The wound it seemed both sore and sad
To every Christian eye;
And while they swore the dog was mad,
They swore the man would die.
But soon a wonder came to light,
That showed the rogues they lied:
The man recovered of the bite,
The dog it was that died
Grey was only a poet and, though he wrote much, his fame rests almost entirely on his Elegy. Its opening sets a tone of tranquility that draws the reader into the meditative mood Grey sustains over 116 lines, though only some extracts can be cited here –
The curfew tolls the knell of parting day,
The lowing herd wind slowly o’er the lea,
The plowman homeward plods his weary way,
And leaves the world to darkness and to me.
Now fades the glimm’ring landscape on the sight,
And all the air a solemn stillness holds,
Save where the beetle wheels his droning flight,
And drowsy tinklings lull the distant folds;
Save that from yonder ivy-mantled tow’r
The moping owl does to the moon complain
Of such, as wand’ring near her secret bow’r,
Molest her ancient solitary reign.
Beneath those rugged elms, that yew-tree’s shade,
Where heaves the turf in many a mould’ring heap,
Each in his narrow cell for ever laid,
The rude forefathers of the hamlet sleep……
Perhaps in this neglected spot is laid
Some heart once pregnant with celestial fire;
Hands, that the rod of empire might have sway’d,
Or wak’d to ecstasy the living lyre.
But Knowledge to their eyes her ample page
Rich with the spoils of time did ne’er unroll;
Chill Penury repress’d their noble rage,
And froze the genial current of the soul.
Full many a gem of purest ray serene,
The dark unfathom’d caves of ocean bear:
Full many a flow’r is born to blush unseen,
And waste its sweetness on the desert air.
Some village-Hampden, that with dauntless breast
The little tyrant of his fields withstood;
Some mute inglorious Milton here may rest,
Some Cromwell guiltless of his country’s blood….
Far from the madding crowd’s ignoble strife,
Their sober wishes never learn’d to stray;
Along the cool sequester’d vale of life
They kept the noiseless tenor of their way.
The last few verses of the main poem are an introduction to an epitaph, which Gray imagines suitable for himself, given his melancholy predilections.
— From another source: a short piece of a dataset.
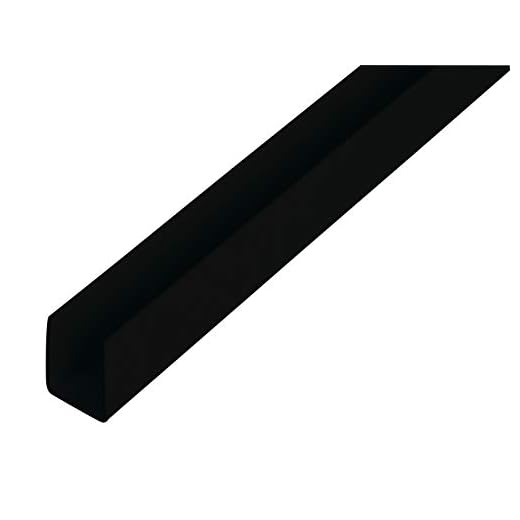 GAH-Alberts 484606 U-profil | Plast, svart | 1000 x 18 x 10 mm
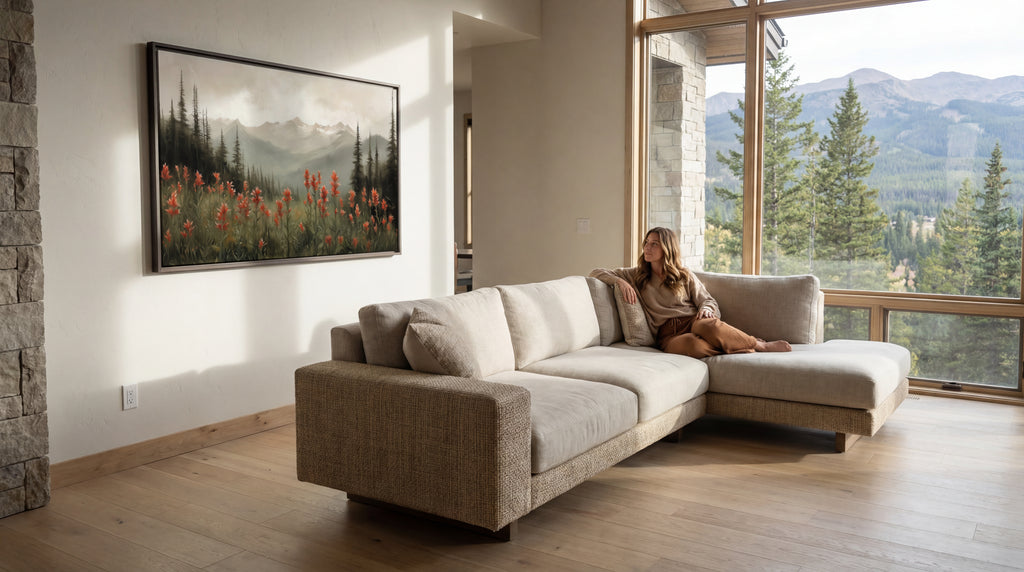 Woman sitting on a beige sectional sofa in a modern living room with large windows showing a mountain view.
The background to the epitaph is as interesting as the epitaph itself –
Haply some hoary-headed swain may say,
“Oft have we seen him at the peep of dawn
Brushing with hasty steps the dews away
To meet the sun upon the upland lawn.
“There at the foot of yonder nodding beech
That wreathes its old fantastic roots so high,
His listless length at noontide would he stretch,
And pore upon the brook that babbles by.
“Hard by yon wood, now smiling as in scorn,
Mutt’ring his wayward fancies he would rove,
Now drooping, woeful wan, like one forlorn,
Or craz’d with care, or cross’d in hopeless love.
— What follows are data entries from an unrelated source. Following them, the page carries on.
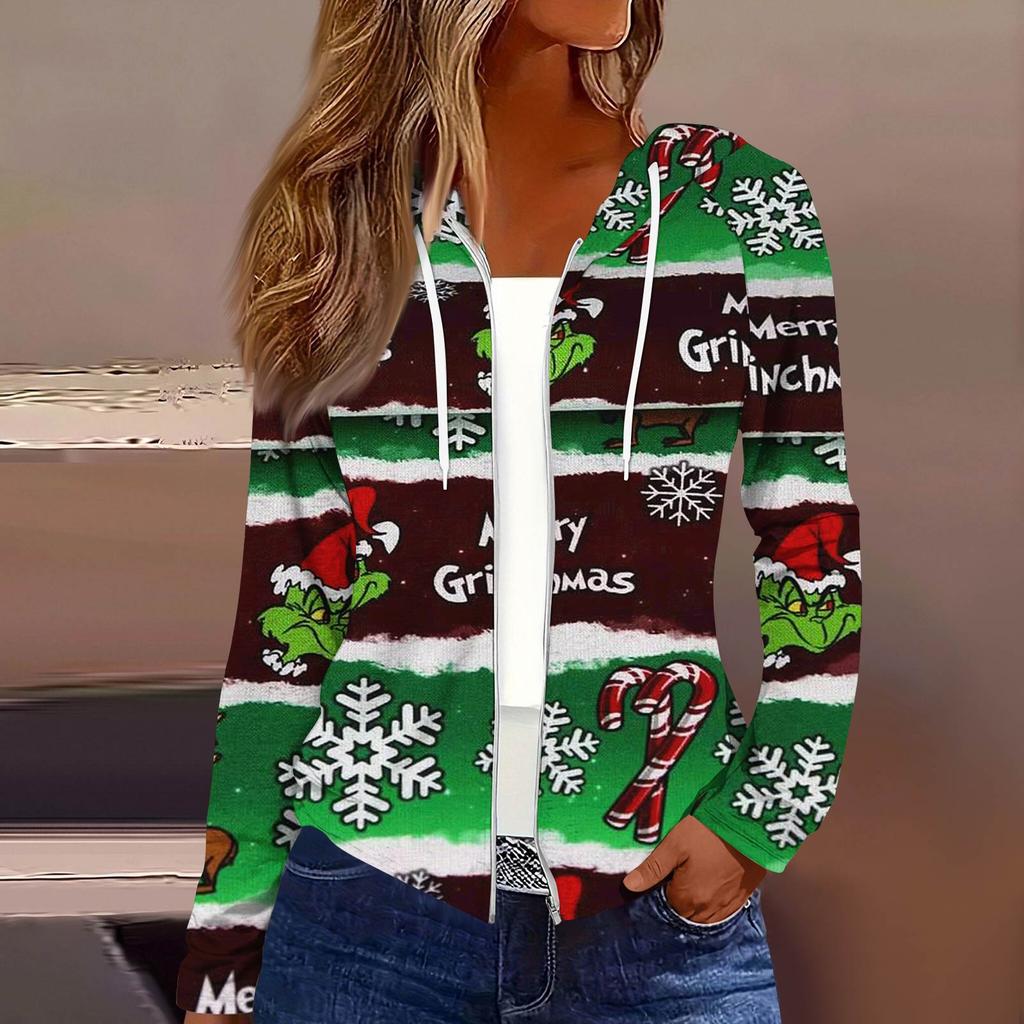 Women's Fashion Christmas Print Casual Zip-Up Long-Sleeved Hooded Jacket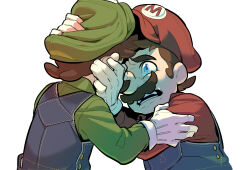 Rule 34 | 2boys, blue eyes, blue overalls, brown hair, commentary, english commentary, facial hair, gloves, green hat, green shirt, hat, luigi, mario, mario (series), multiple boys, mustache, nintendo, open mouth, overalls, red hat, red shirt, redlhzz, shirt, short hair, tagme, teeth, the super mario bros. movie, white gloves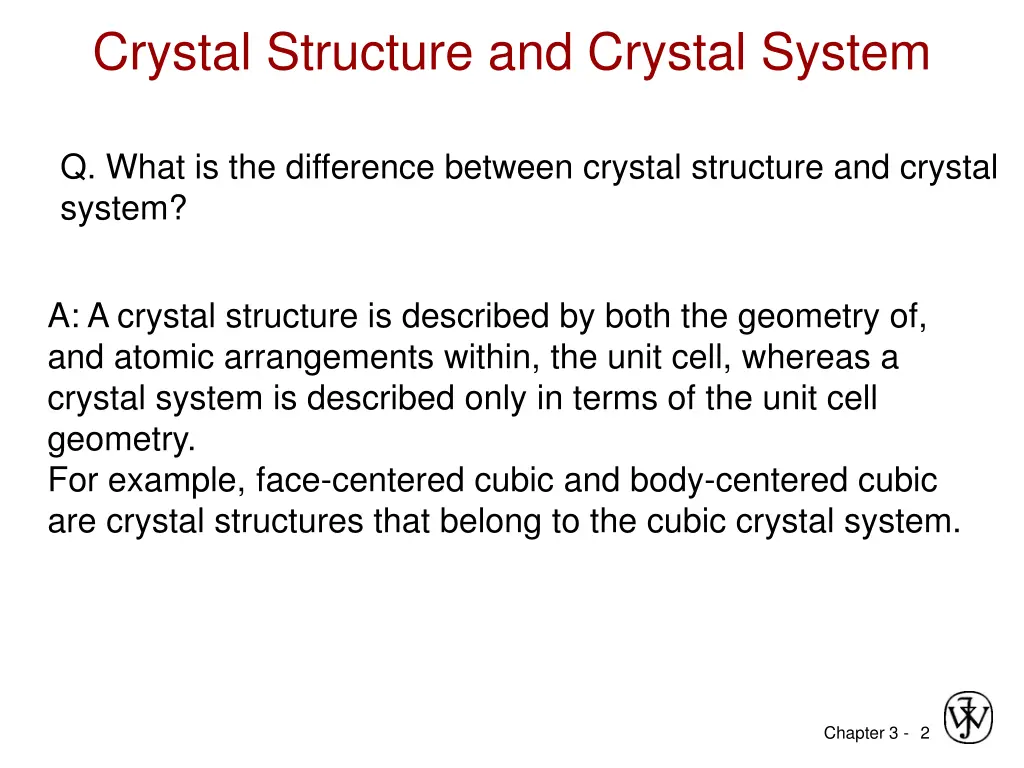 crystal structure and crystal system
“One morn I miss’d him on the custom’d hill,
Along the heath and near his fav’rite tree;
Another came; nor yet beside the rill,
Nor up the lawn, nor at the wood was he;
“The next with dirges due in sad array
Slow thro’ the church-way path we saw him borne.
Approach and read (for thou canst read) the lay,
Grav’d on the stone beneath yon aged thorn.”
Here rests his head upon the lap of Earth
A youth to Fortune and to Fame unknown.
Fair Science frown’d not on his humble birth,
And Melancholy mark’d him for her own.
Large was his bounty, and his soul sincere,
Heav’n did a recompense as largely send:
He gave to Mis’ry all he had, a tear,
He gain’d from Heav’n (’twas all he wish’d) a friend.
No farther seek his merits to disclose,
Or draw his frailties from their dread abode,
(There they alike in trembling hope repose)
The bosom of his Father and his God.